** Opening Data for analysis block **
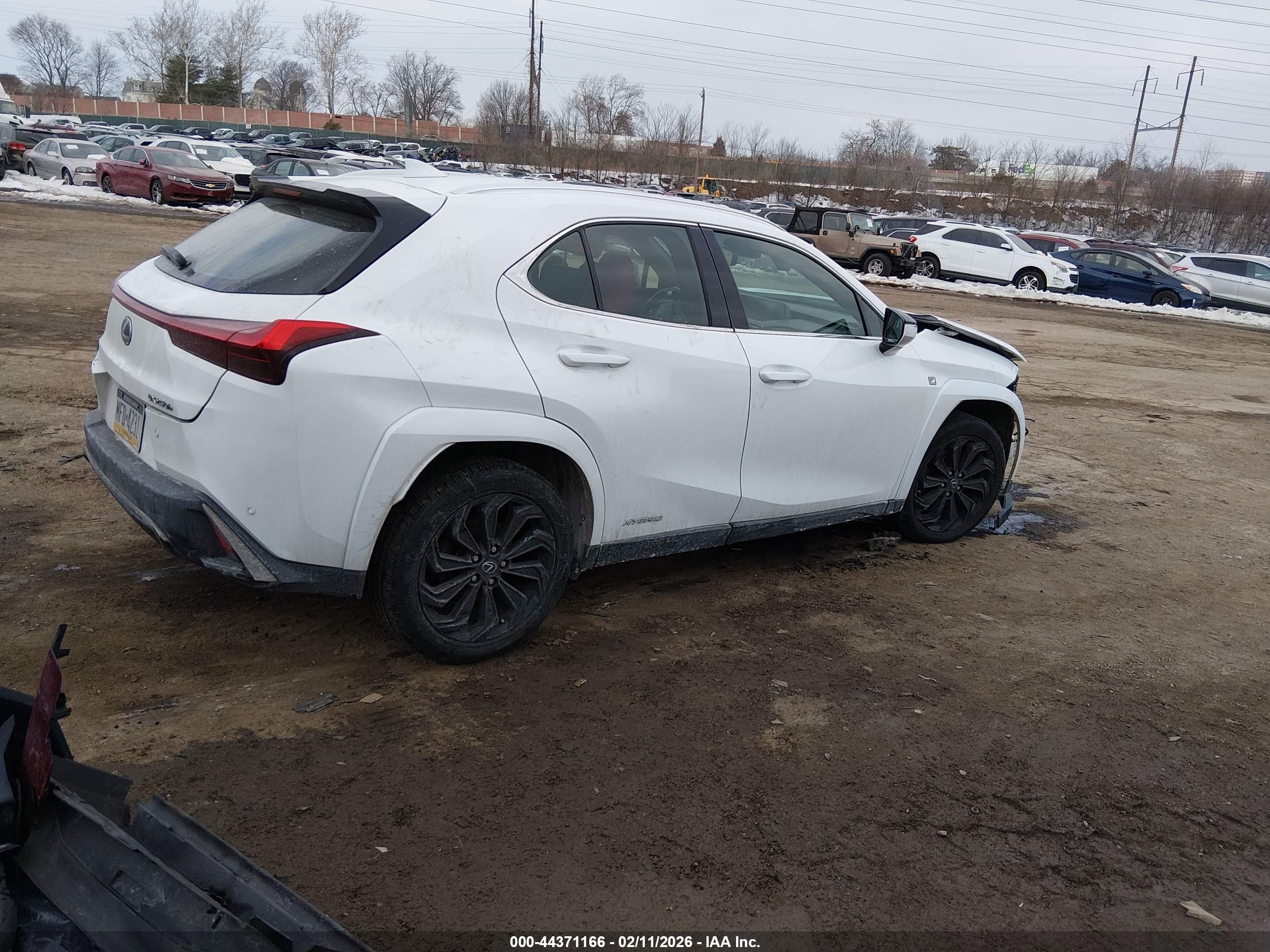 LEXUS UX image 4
** Closing Data for analysis block **
** Opening Data for analysis block **
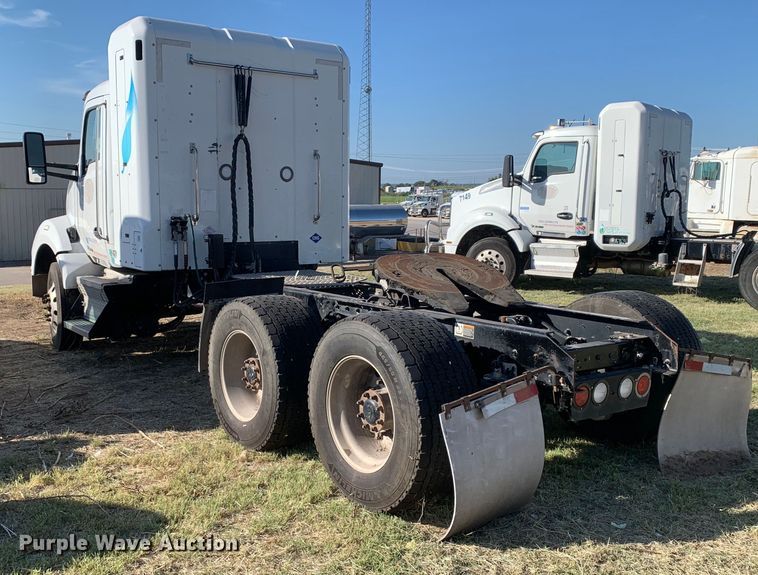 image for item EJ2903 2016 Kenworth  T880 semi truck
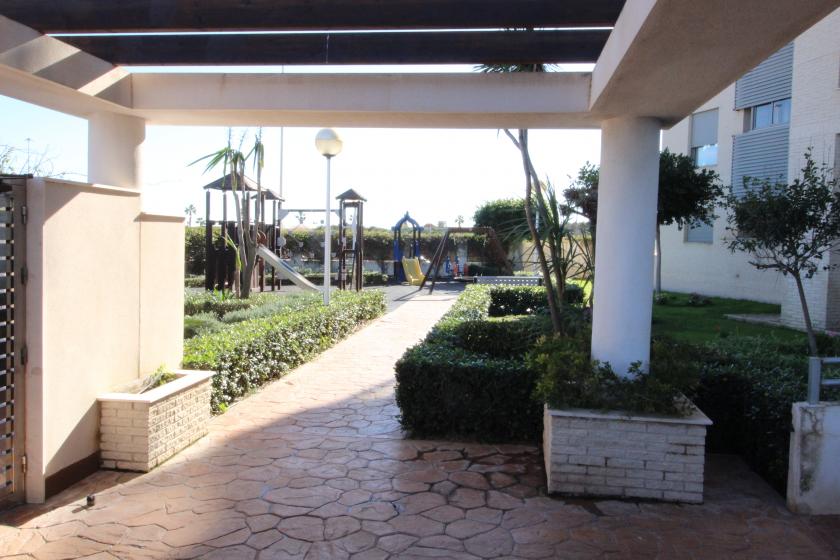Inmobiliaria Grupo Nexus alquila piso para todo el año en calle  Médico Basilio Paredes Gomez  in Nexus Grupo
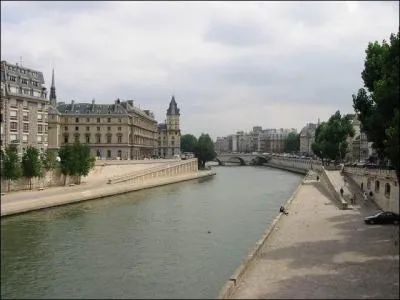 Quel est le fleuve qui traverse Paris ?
** Closing Data for analysis block **
After locating "Inmobiliaria Grupo Nexus" and "Quel est le fleuve qui traverse Paris ?" in the records above, return exactly the line holding each one and every line between them; leave out the pictures.

Inmobiliaria Grupo Nexus alquila piso para todo el año en calle  Médico Basilio Paredes Gomez  in Nexus Grupo
 Quel est le fleuve qui traverse Paris ?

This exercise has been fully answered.